TASK INSTRUCTIONS: Below are some records. Write out exactly their lines from the one with "Cost Efficiency in" through the one with "Fabspeed - Chevrolet", and leave the pictures behind.

SUPPLIED MATERIAL:
[Start of section]

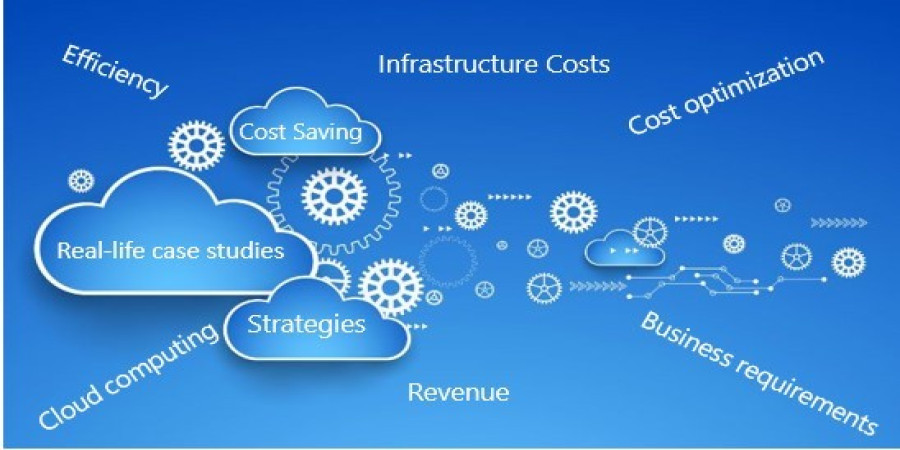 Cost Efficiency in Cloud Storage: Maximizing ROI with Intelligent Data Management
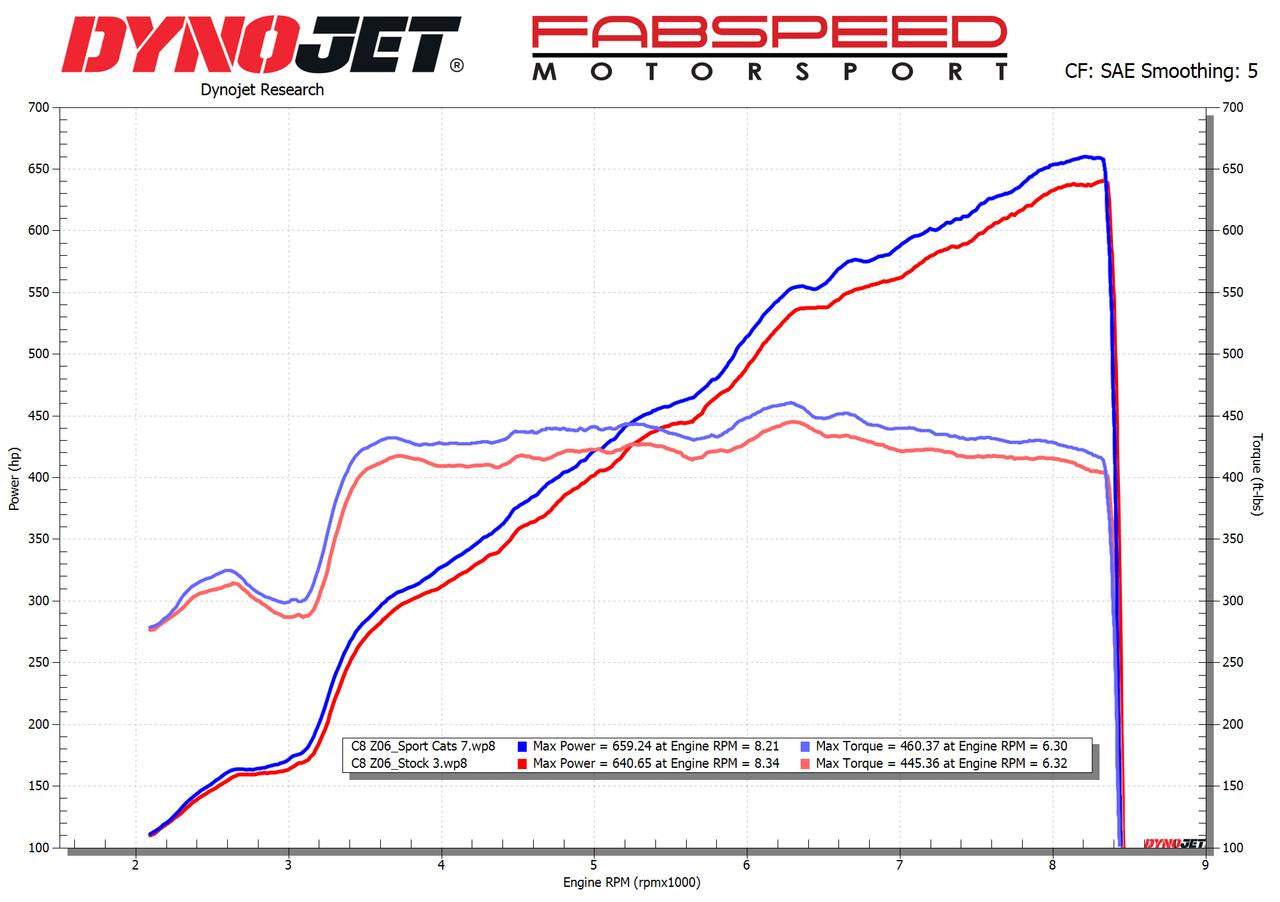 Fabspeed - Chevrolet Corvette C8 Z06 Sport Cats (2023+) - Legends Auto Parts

[End of section]
[Start of section]

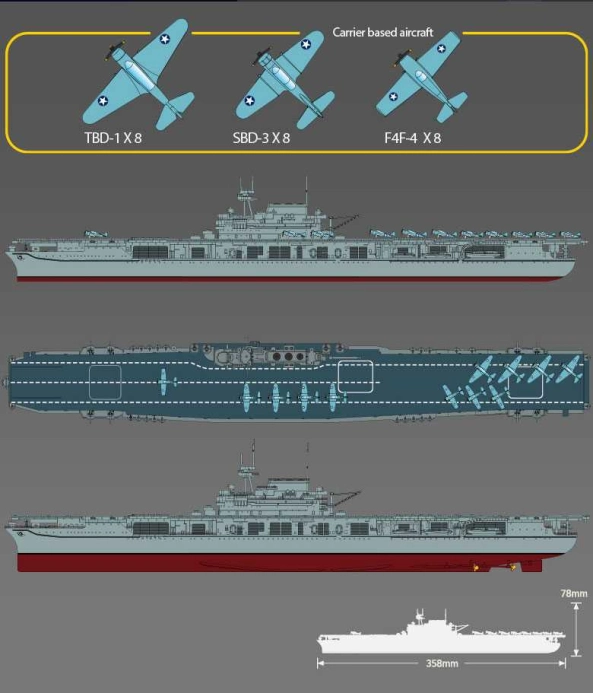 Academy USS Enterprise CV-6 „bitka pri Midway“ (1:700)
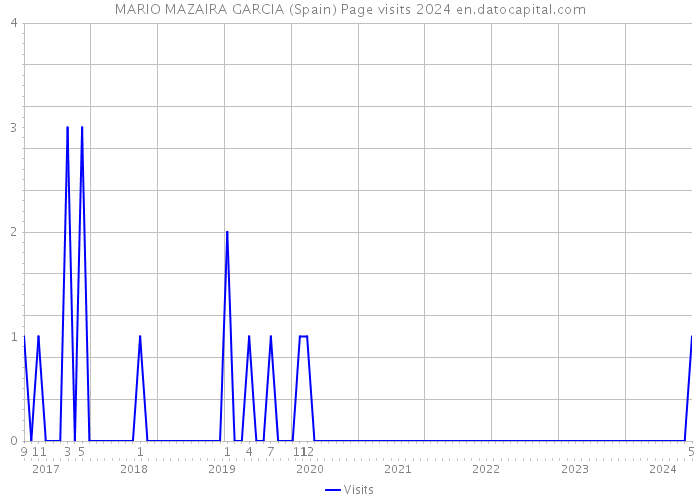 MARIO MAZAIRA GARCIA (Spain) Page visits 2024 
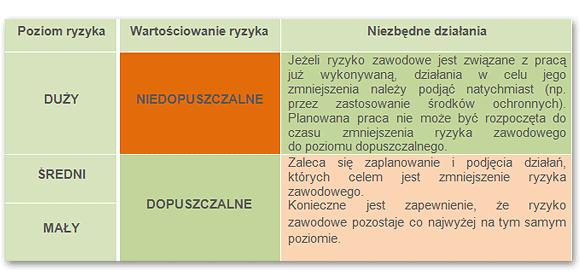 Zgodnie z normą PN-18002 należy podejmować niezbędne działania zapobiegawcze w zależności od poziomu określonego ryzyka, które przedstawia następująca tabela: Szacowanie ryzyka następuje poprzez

[End of section]
[Start of section]

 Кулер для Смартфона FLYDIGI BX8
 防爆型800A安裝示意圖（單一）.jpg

[End of section]

SOLVED PROBLEM:
 Cost Efficiency in Cloud Storage: Maximizing ROI with Intelligent Data Management
 Fabspeed - Chevrolet Corvette C8 Z06 Sport Cats (2023+) - Legends Auto Parts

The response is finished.